Users of pandas probably have run into the infamous “SettingWithCopyWarning”. Several lengthy blog posts and popular stack overflow questions go into the details on what it is and how to deal with it. At the core of this, pandas’ current behavior on whether indexing returns a view or copy is confusing. Pandas’ internals will, for most users, be kind of a black box, and it is hard to reason about how the column’s memory is stored. Even for experienced users, it’s hard to tell whether a view or copy will be returned.
But it doesn’t have to be this way. We can simplify the rules and let any indexing operation or method that returns a new DataFrame always behave as it is a copy (and thus never modifies the original DataFrame when itself being mutated). Using the concept of copy-on-write, we can make this aspect of pandas easier to grasp, and at the same time make pandas more memory-efficient.

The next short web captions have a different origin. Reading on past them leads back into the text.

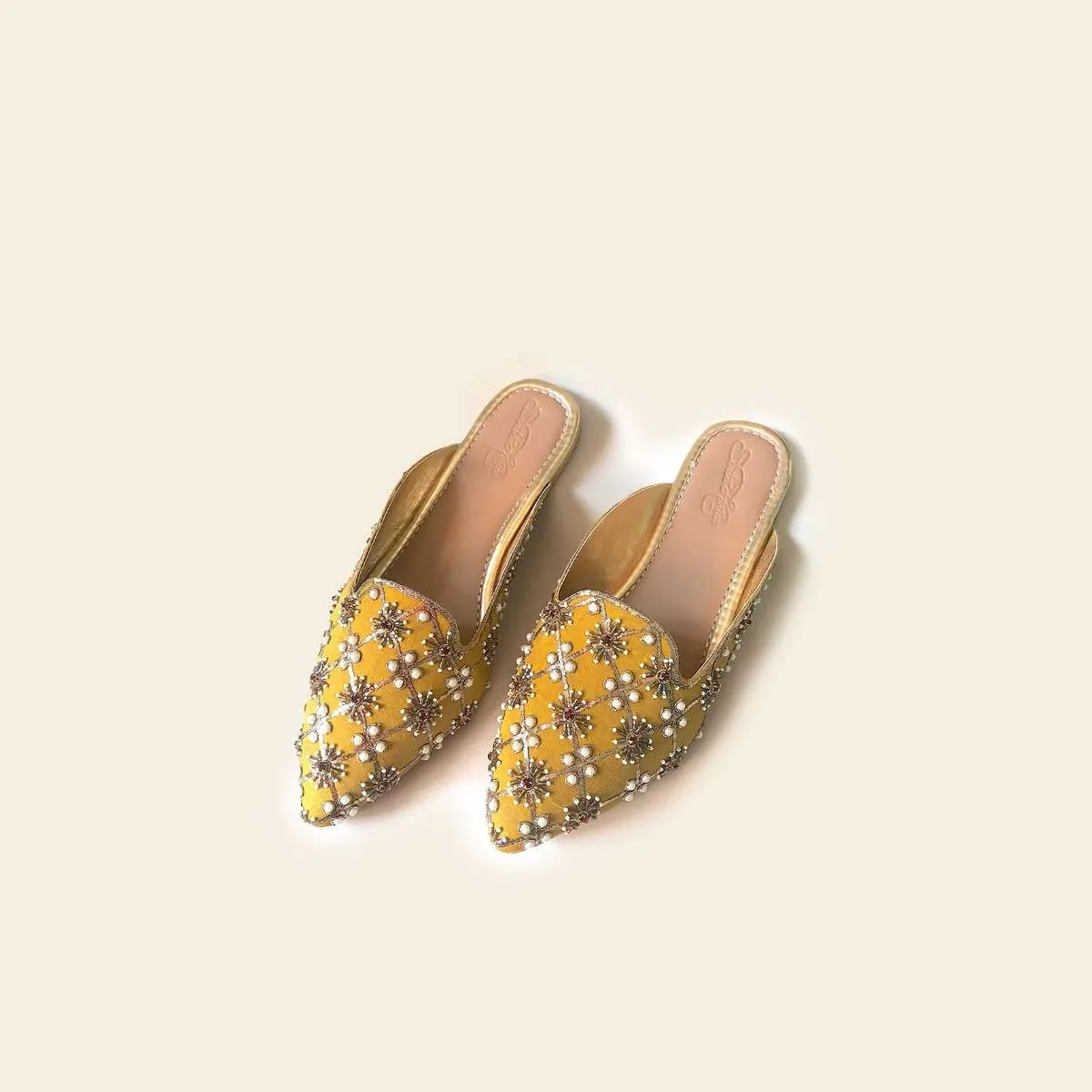 Mustard Yellow Mules With Maroon Swarovski And Moti Detailing By Sole House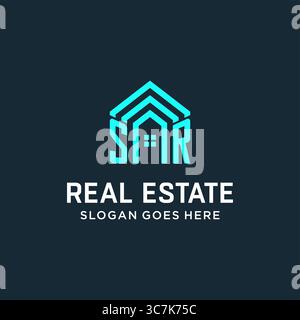 Initial letter SR roof logo real estate with creative and modern logo style vector graphic vector graphic Stock Vector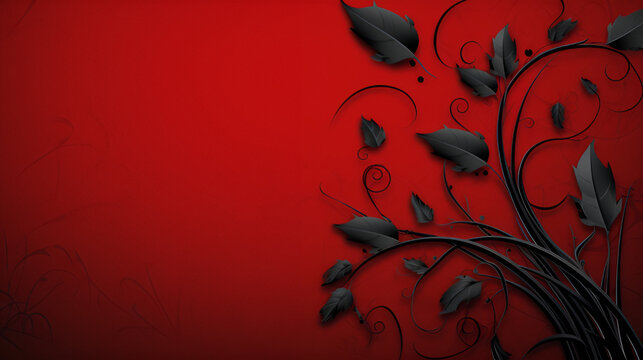 Red background image with black flowers | generative AI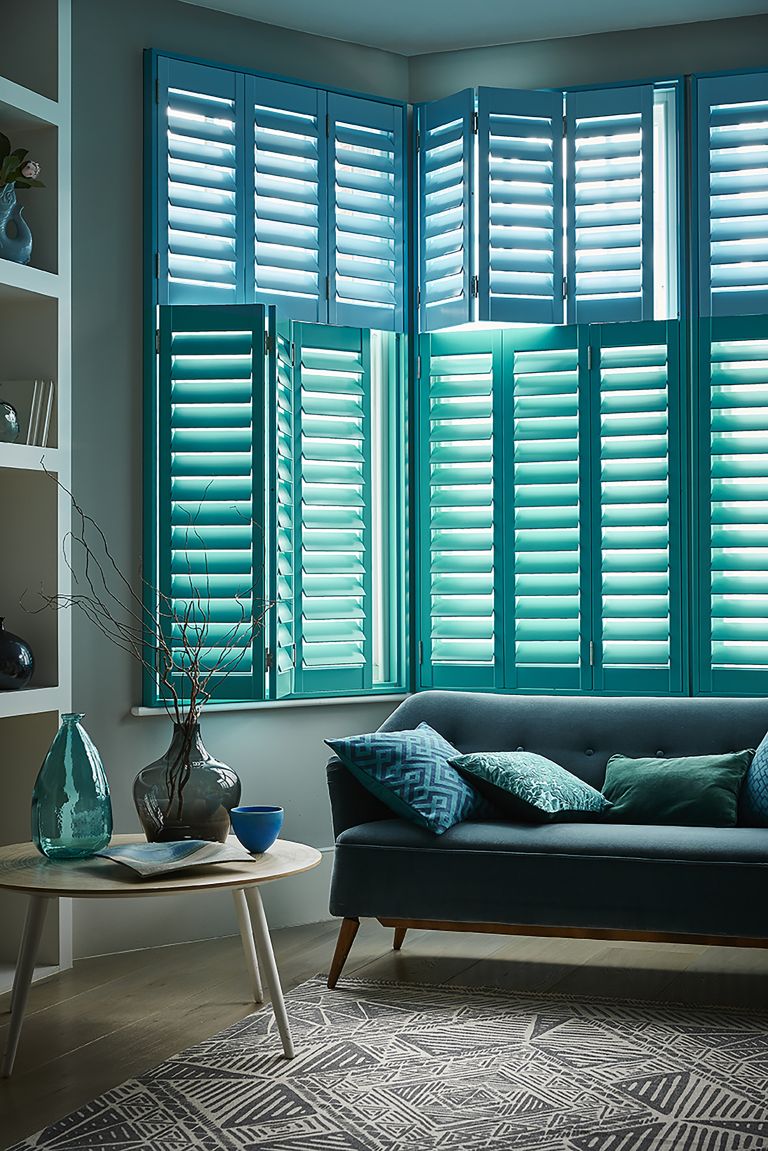 Living Room with Blue Shutters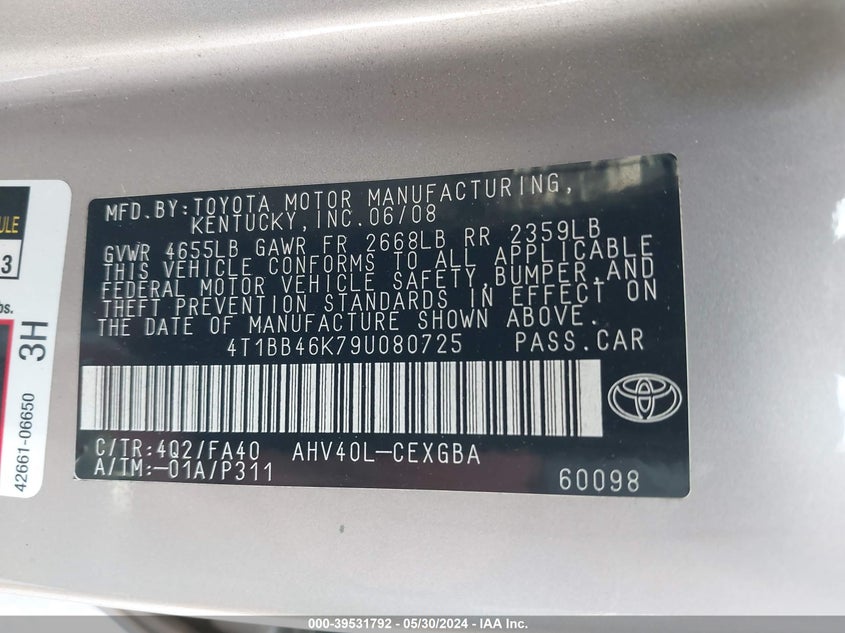 2009 Toyota Camry Hybrid VIN: 4T1BB46K79U080725 Lot: 39531792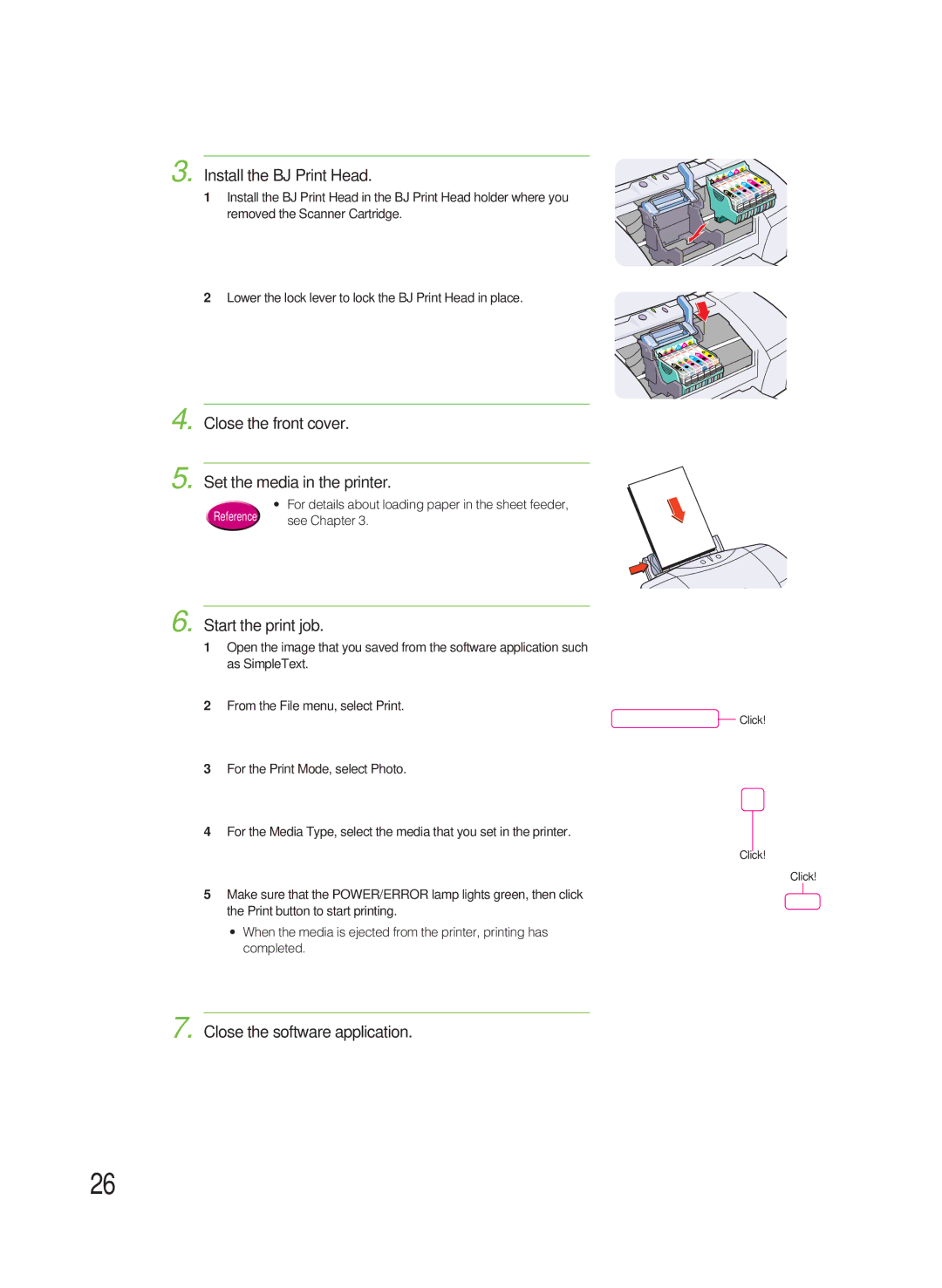 Canon 8200 manual Close the front cover Set the media in the printer, Close the software application 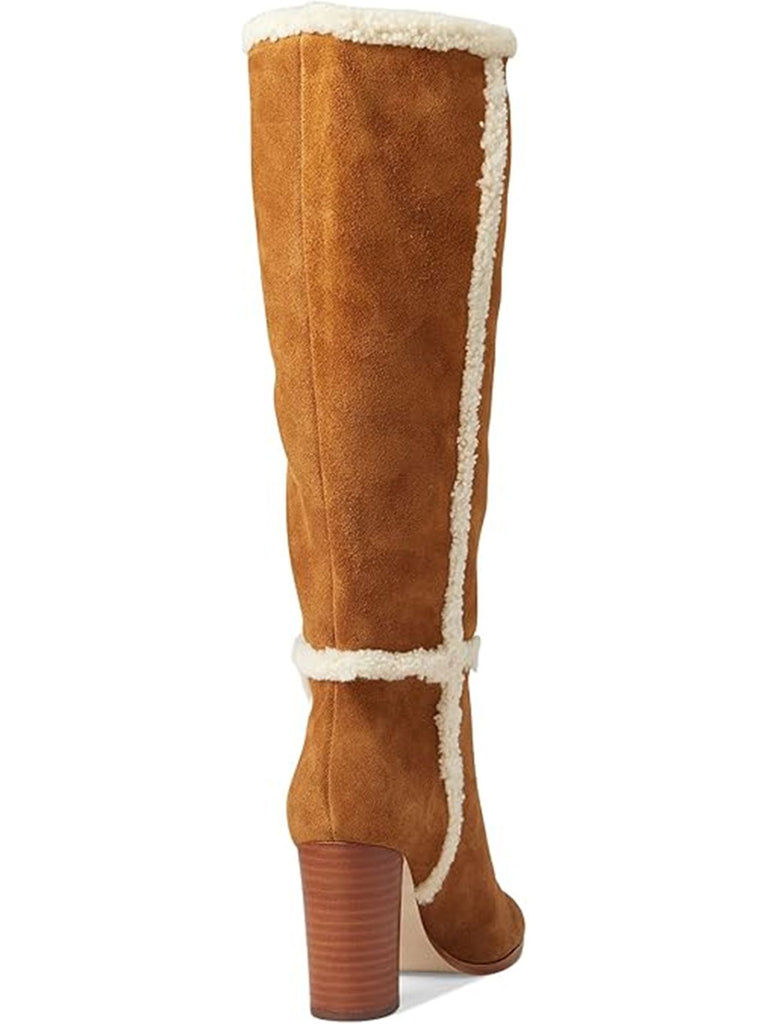 Stivali con tacco spesso in flanella marrone patchwork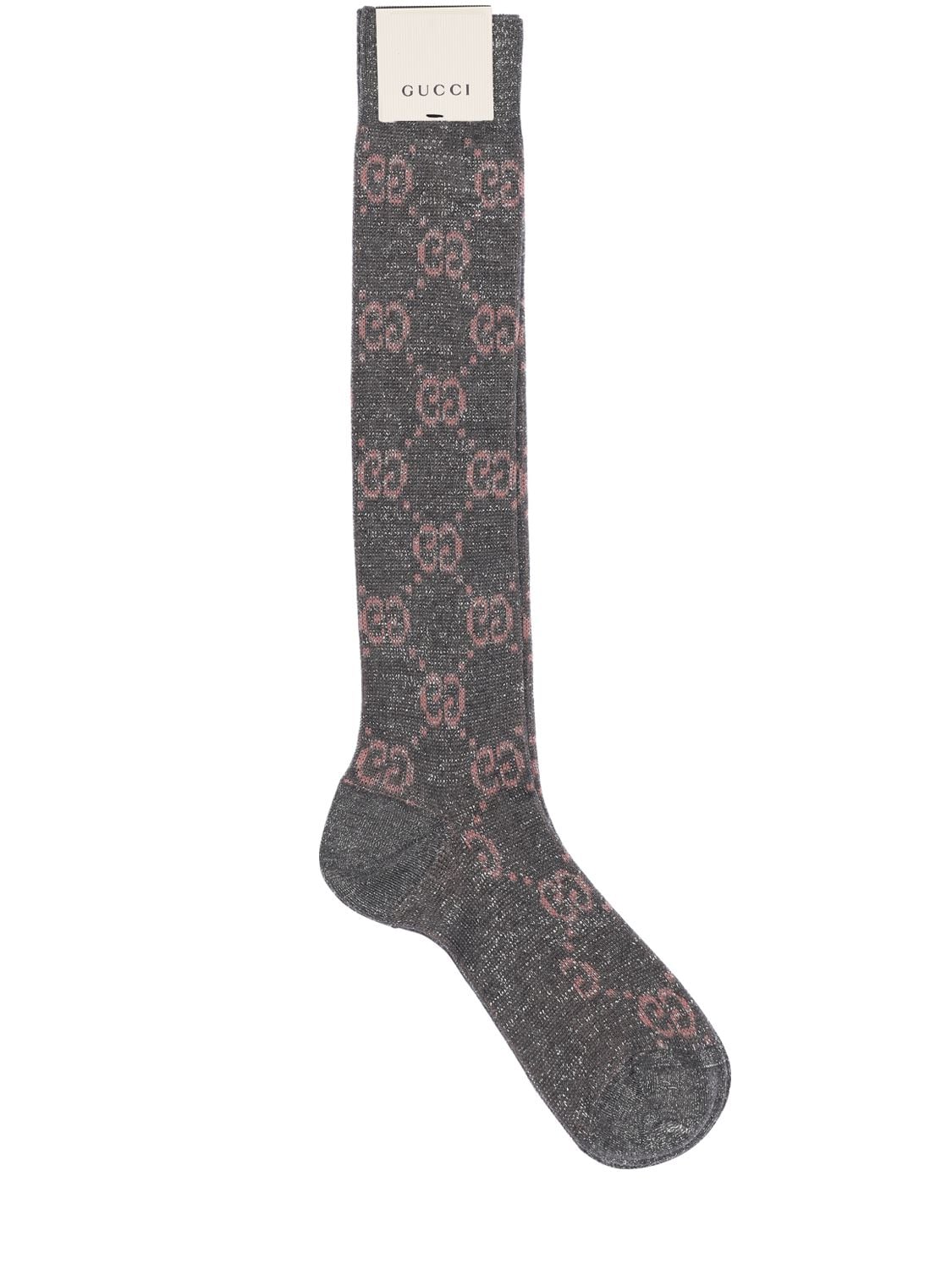 Gucci Long Gg Jacquard Cotton Blend Socks In Lead,pink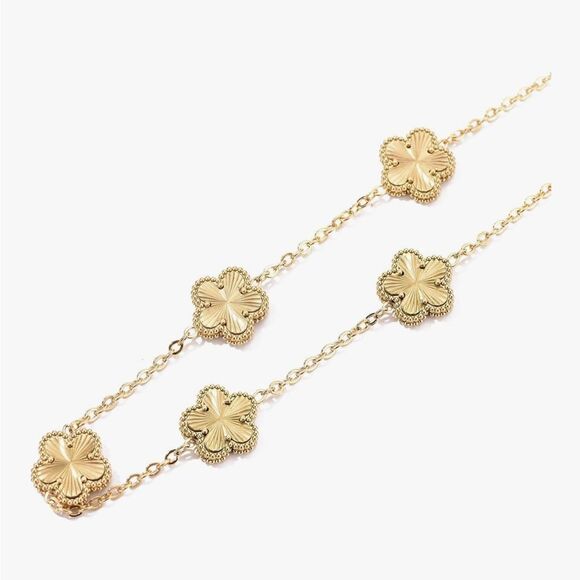 18K Gold Four Leaf Clover Charm Necklace Stainless Steel Dainty Lucky Chain 18”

In this talk, I will give a brief background on the current internals of pandas related to copies and views and why we have the SettingWithCopyWarning. Then, I will explain the proposal to greatly simplify the rules around copy and view semantics in pandas, and how we can get rid of the SettingWithCopyWarning.
Previous knowledge expected
I am a core contributor to Pandas and Apache Arrow, and maintainer of GeoPandas. I did a PhD at Ghent University and VITO in air quality research and worked at the Paris-Saclay Center for Data Science. Currently, I work at Voltron Data, contributing to Apache Arrow, and am a freelance teacher of python (pandas) at Ghent University.